If I were running a country with designs to attack the USA, I would simply build ten thousand low-tech drones at a $¼ million apiece and laugh as the F-35 jet jockeys tried to figure out how to slow their steeds down enough to battle 30 or 40 drones at a time, with only a few missiles to fire and not enough cannon rounds to down more than a drone or two..

The B-1, B-2, B-3 bombers got billions in funding, but it's the good old low-tech B-52 that warriors turn to for bomber support. A new F-18 will dance circles around the F-35 at a quarter of the price . . .
Aug 5, 2013 6:13AM
Way to go.

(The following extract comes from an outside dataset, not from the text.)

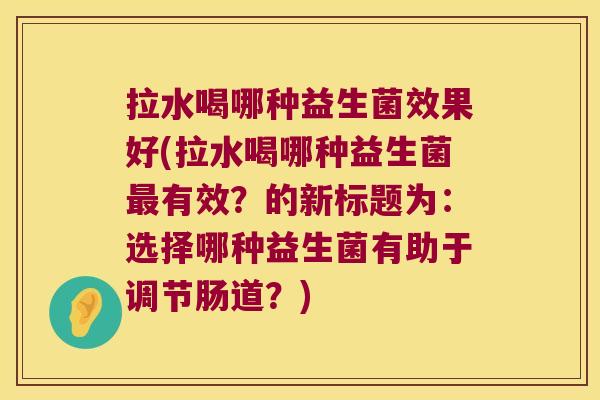 拉水喝哪种益生菌效果好(拉水喝哪种益生菌最有效？的新标题为：选择哪种益生菌有助于调节肠道？)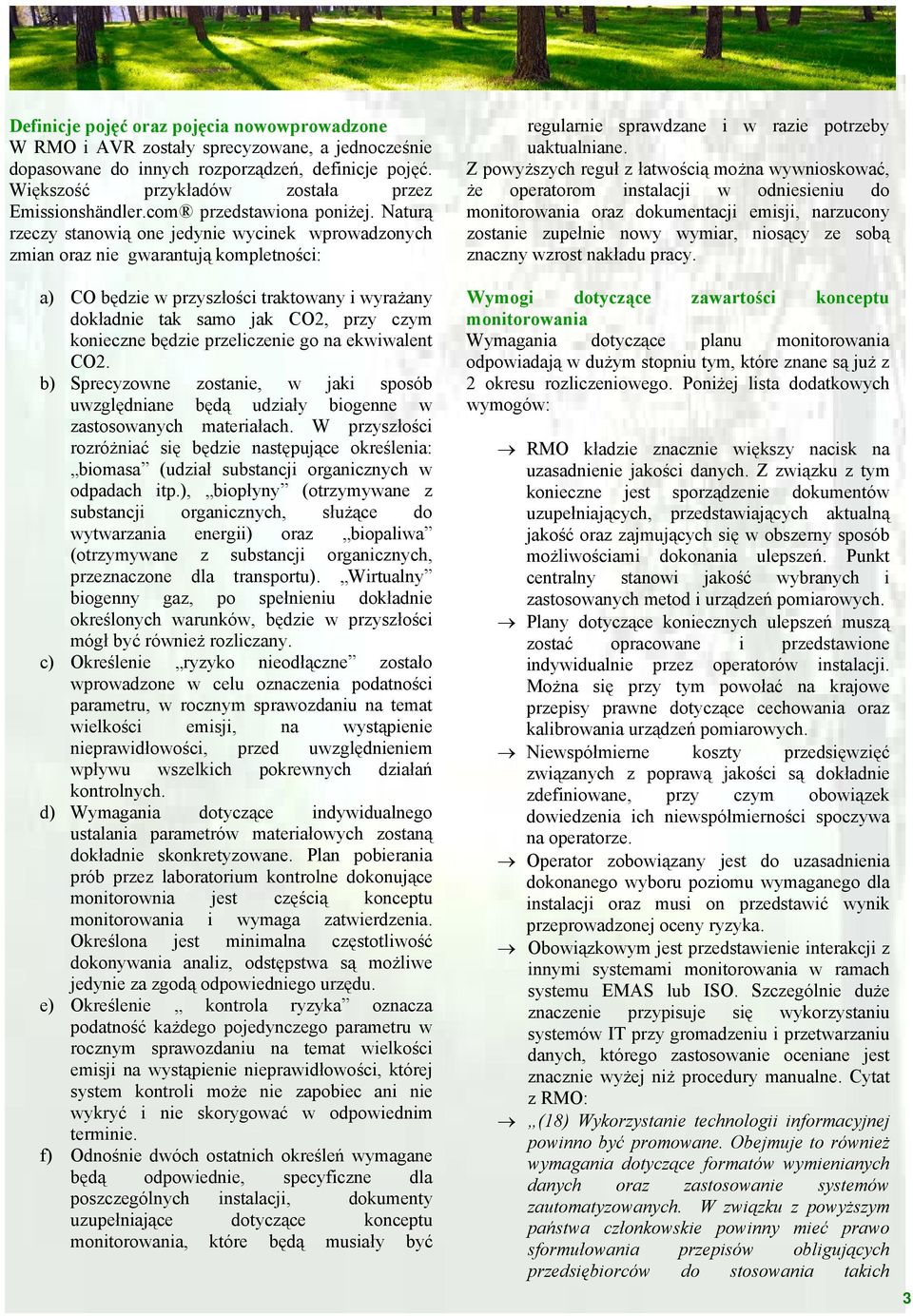 Naturą rzeczy stanowią one jedynie wycinek wprowadzonych zmian oraz nie gwarantują kompletności: a) CO będzie w przyszłości traktowany i wyrażany dokładnie tak samo jak CO2, przy czym konieczne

Spend trillions on this new jet and then some jerk decides to kill the project.  Wonder how many got kickbacks on this  in the first place. Probably obama got his share since he was broke and now it is reported he is worth 13 billion. I guess with all of us paying for their vacations they have a lot of extra cash.
Aug 5, 2013 4:44AM

It's planes and techno like this that have given the US the edge for years. Just like NASA and the race to the moon created more off shoot techno that created more jobs than we could have ever imagined.

Microwave ovens, florescent light, transistors, WD-40, Kevlar, and many alloys to name a few. We are losing our edge in all techno as Obama guts the military. There are side effects of everything. I think this is one we don't want to gamble with.